There had been neighborhood kids throwing stones at the people who returned home from a show which had just ended at the house I'd been crashing at. Apparently this wasn't the first time, and one of the punks charged out, stripped to the waist with a baseball bat. Not quite comprehending the situation, I went out. By the time I came to the end of the block, he had one of the kids shaking in fear on the ground, sitting with straight legs, looking petrified at the end of the wooden bat. He was being held there for the police. The rest of the kids fled into the housing complex where they lived.

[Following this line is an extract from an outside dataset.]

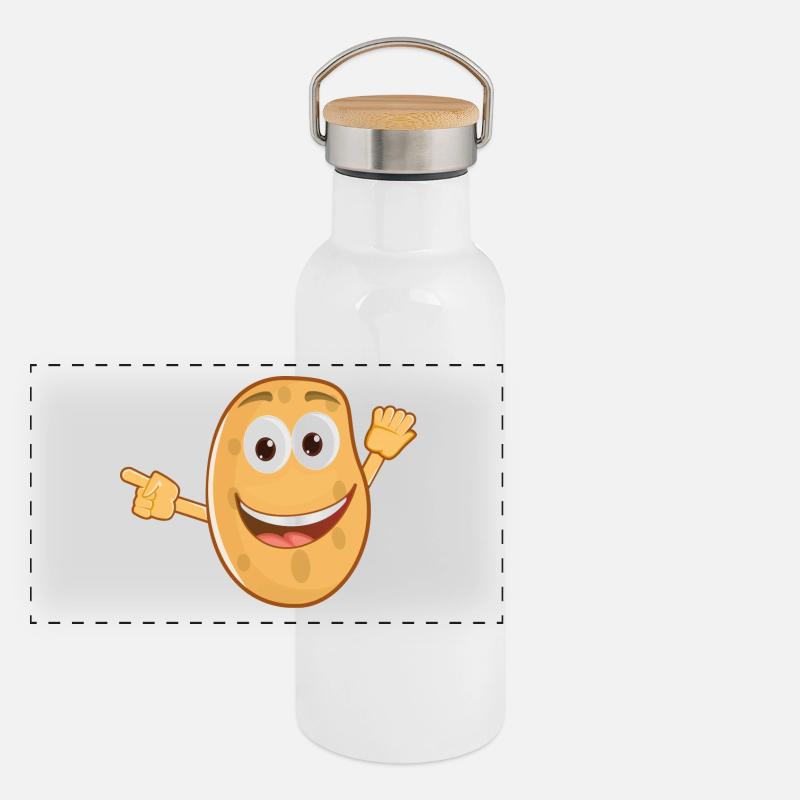 Funny Potato Gourde isotherme avec bouchon en bambou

Before I knew it sides were formed, mostly white against black. Punks versus longtime residents, us against them. There were bats, a staff, batons, knives, and swords, and of course, the hotheads on both sides spoiling for a fight. Oh right, and I had a flashlight in my hand. Granted, it was a sturdy flashlight, but it held exactly three double-A batteries, so it was a little larger than a typical mini-maglite. Not exactly an ideal counter for a sword, but I know there's a saying about lemons and blinding people with lemonade or something like that. I also know I could have left, but you just can't leave friends in a situation like that, 'tis the hobo code.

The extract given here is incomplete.